* Supplied information:
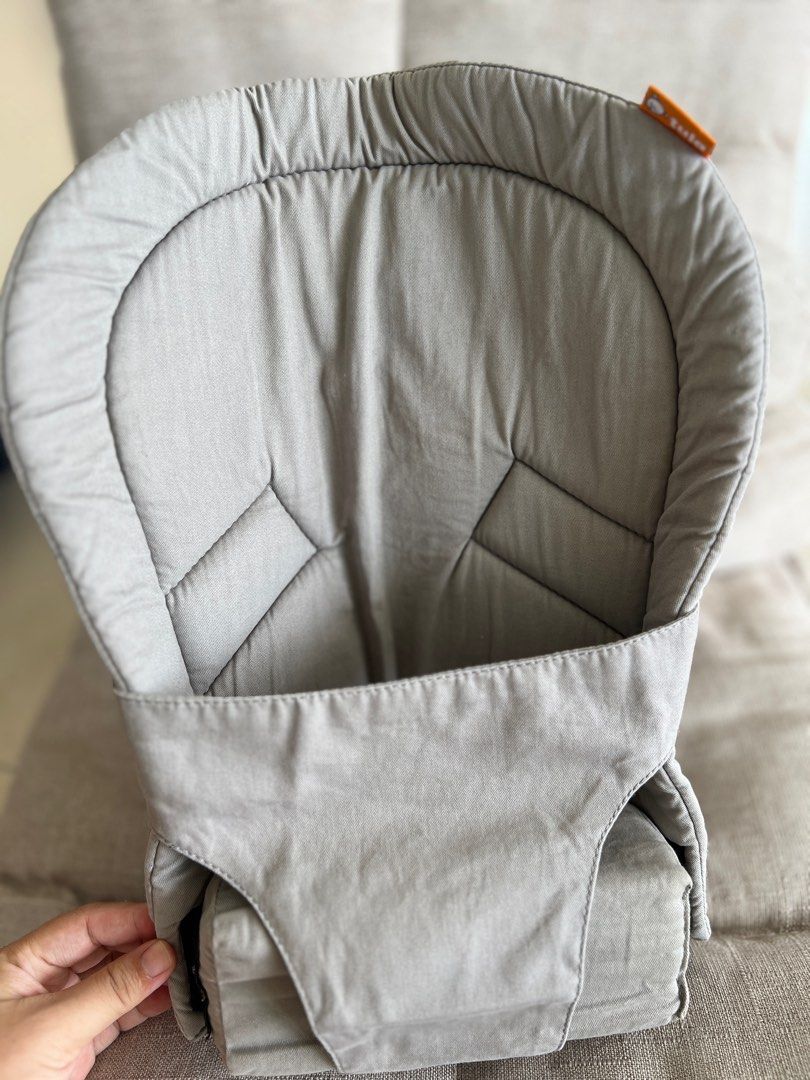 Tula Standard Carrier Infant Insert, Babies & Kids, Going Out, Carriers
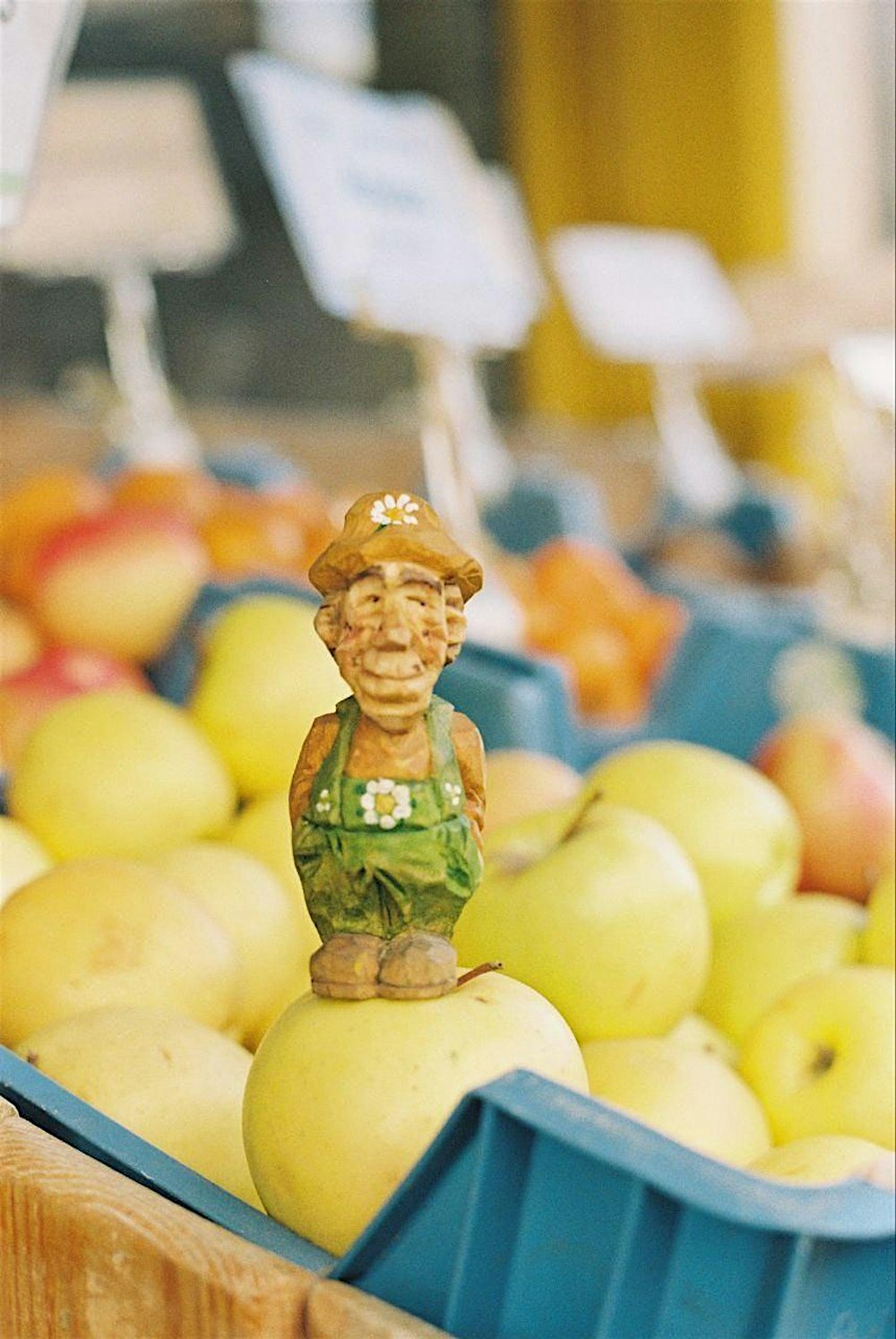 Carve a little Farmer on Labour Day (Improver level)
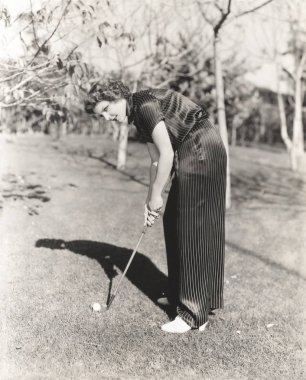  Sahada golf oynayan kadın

* Instructions for the task:
The pictures should not be reproduced; quote all of the other material exactly.

* Problem solution:
 Tula Standard Carrier Infant Insert, Babies & Kids, Going Out, Carriers
 Carve a little Farmer on Labour Day (Improver level)
  Sahada golf oynayan kadın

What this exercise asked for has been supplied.